Ich kann nur vermuten, wie der Headcoach und die anderen Coaches auf seinen Vorschlag reagierten, aber es würde mich nicht wundern, wenn sie Jörg zunächst belächelten, vielleicht sogar auslachten oder für verrückt erklärten. Wie ich später erfuhr, erzählte mein Vereinstrainer ihnen, dass ich für mein Alter schon sehr weit sei und sie sich diesen riesigen Jungen unbedingt einfach anschauen sollten, es sei ja nur ein Tryout, gucken kostet nichts. Er kämpfte für mich und ließ nicht locker. Was das angeht, sind wir uns wohl sehr ähnlich.

Er muss sehr überzeugend gewesen sein oder sehr hartnäckig oder beides, jedenfalls saß ich wenig später mit meinem Coach und einer Handvoll unserer besten Adler-Junioren in einem Kleinbus auf dem Weg nach Hannover.

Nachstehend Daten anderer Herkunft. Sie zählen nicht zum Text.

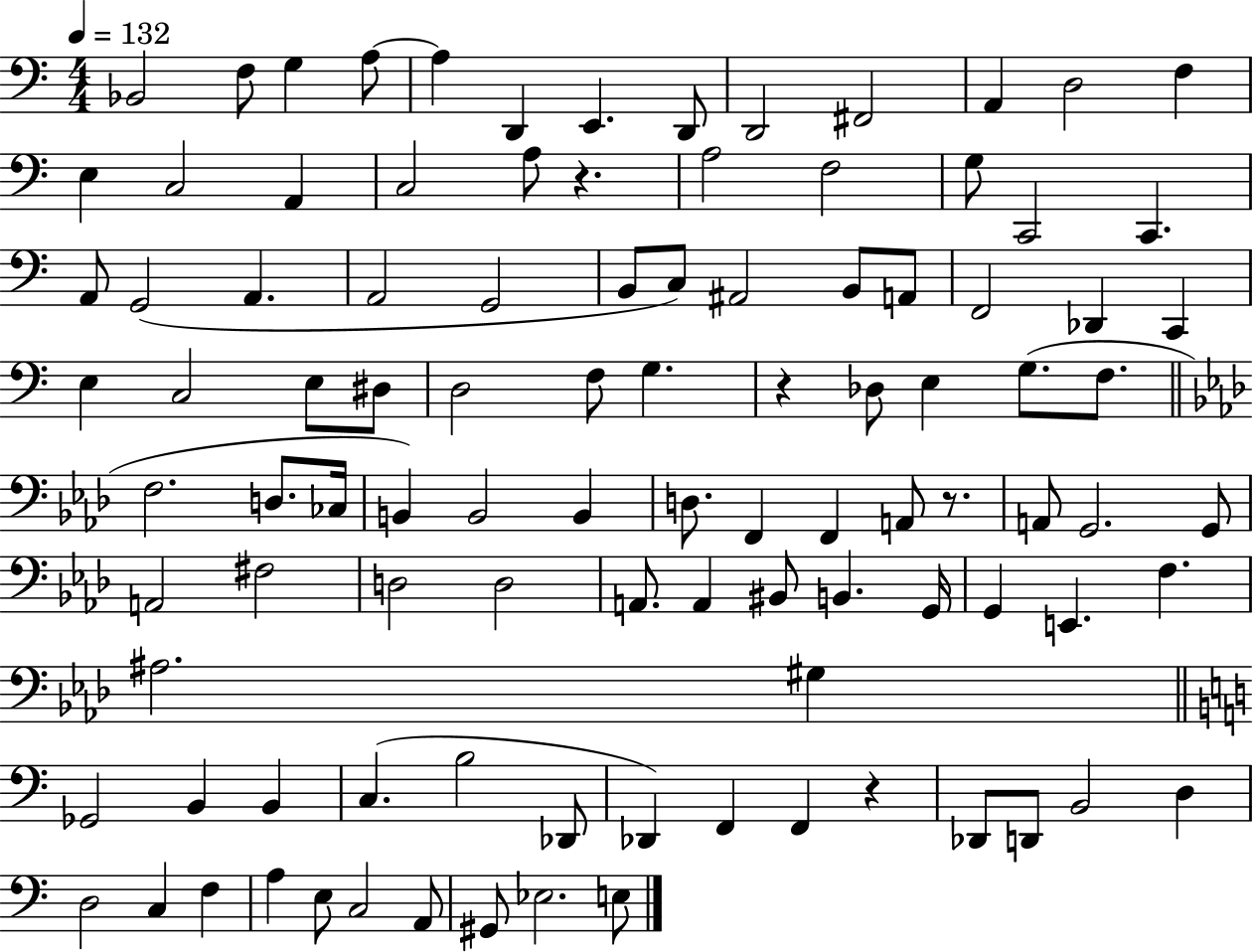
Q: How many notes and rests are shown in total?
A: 101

Man kann nicht behaupten, dass ich mit offenen Armen empfangen wurde, und ich hatte nicht das Gefühl, dass jemand außer Jörg meine Begeisterung über die Teilnahme am Tryout uneingeschränkt teilte. Die anderen Jungs kannten sich untereinander schon länger, weil sie seit Jahren in der GFL Juniors, der Jugend-Bundesliga, miteinander oder gegeneinander spielten und auch in den Auswahlteams der Bundesländer oder der Nationalmannschaft das gleiche Trikot getragen hatten. Football in Deutschland war zur damaligen Zeit eine kleine eigene Welt, in der so gut wie jeder jeden kannte. Die meisten der Anwesenden zeigten mir die kalte Schulter oder bedachten mich mit spöttischen Blicken. Nach dem Motto: Was will das Kind denn hier? Viele der eingeladenen Spieler waren längst schon 18, und in diesem Alter ist man ja nicht nur offiziell volljährig, man fühlt sich auch verdammt erwachsen. An ihrer Stelle hätte ich vermutlich dasselbe über ein blasses und schweigsames Riesenbaby wie mich gedacht, schließlich hatte sich nicht nur mein Alter schnell herumgesprochen, sondern auch die Tatsache, dass ich überhaupt noch kein einziges Footballspiel bestritten hatte. Die Reaktion auf meine Anwesenheit schwankte zwischen Unverständnis und Belustigung. Bei aller Konkurrenz im Kampf um die Kaderplätze schienen sich in meinem Fall schon alle einig, bevor das Tryout überhaupt begonnen hatte: Der hat hier nichts zu suchen.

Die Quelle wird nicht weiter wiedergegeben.